Go through the listing and set it down exactly, leaving out its pictures.

- [Data excerpt]:
---
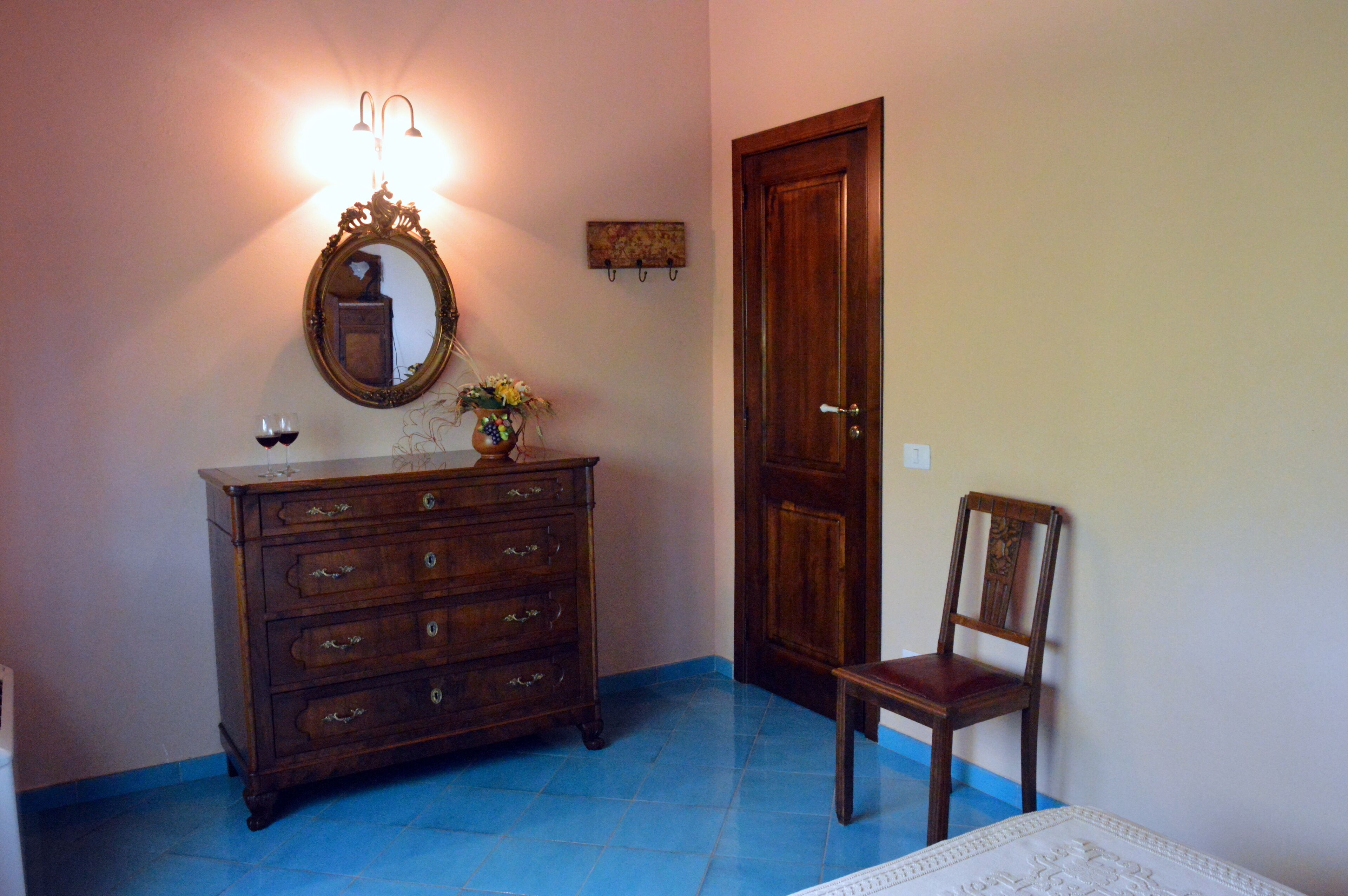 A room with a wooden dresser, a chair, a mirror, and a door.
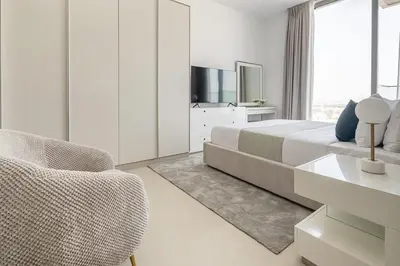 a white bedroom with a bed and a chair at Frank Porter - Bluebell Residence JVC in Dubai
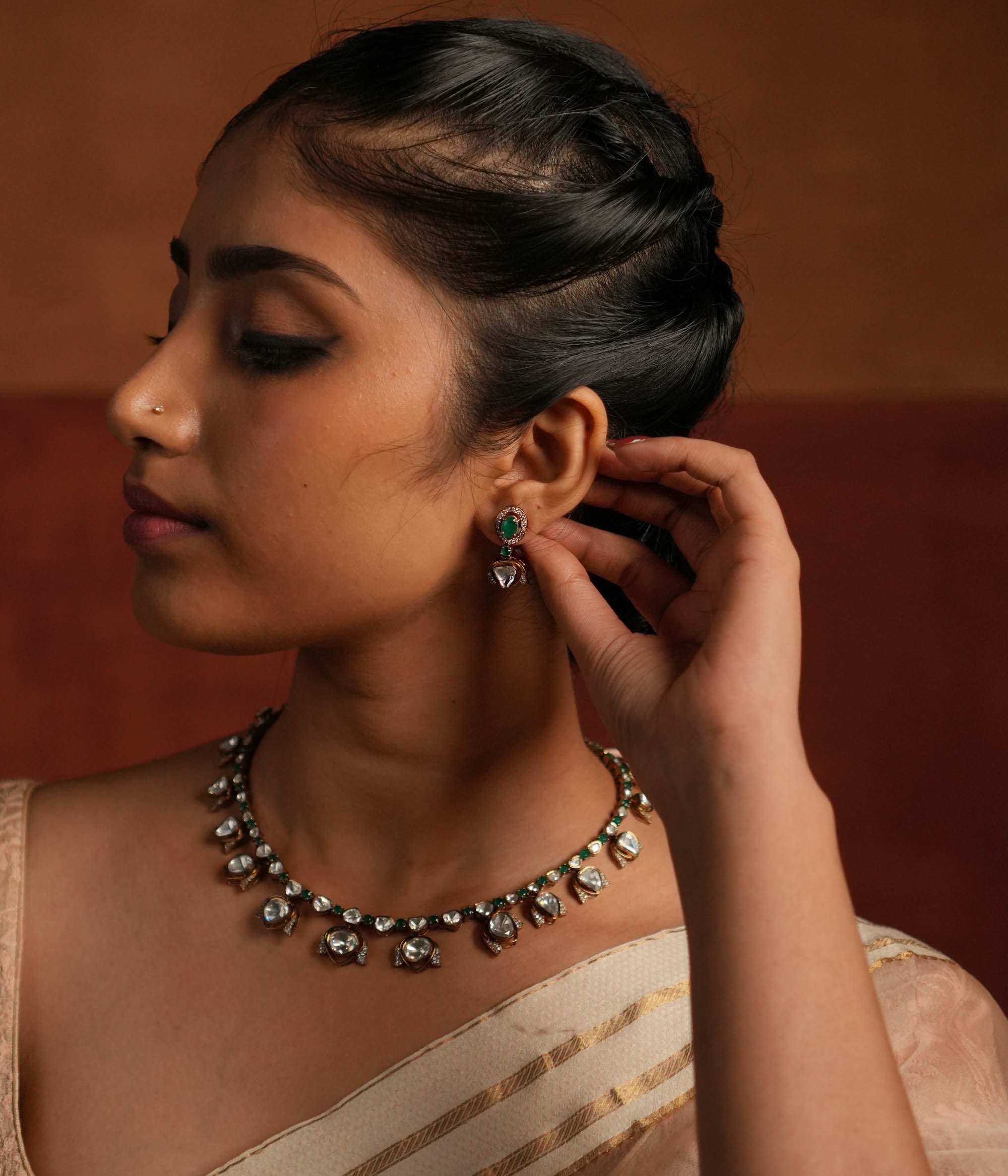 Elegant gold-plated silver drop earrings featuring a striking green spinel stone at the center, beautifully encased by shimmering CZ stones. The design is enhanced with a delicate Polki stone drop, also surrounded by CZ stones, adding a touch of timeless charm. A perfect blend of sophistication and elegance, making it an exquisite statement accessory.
---
- [Expected output]:
 A room with a wooden dresser, a chair, a mirror, and a door.
 a white bedroom with a bed and a chair at Frank Porter - Bluebell Residence JVC in Dubai
 Elegant gold-plated silver drop earrings featuring a striking green spinel stone at the center, beautifully encased by shimmering CZ stones. The design is enhanced with a delicate Polki stone drop, also surrounded by CZ stones, adding a touch of timeless charm. A perfect blend of sophistication and elegance, making it an exquisite statement accessory.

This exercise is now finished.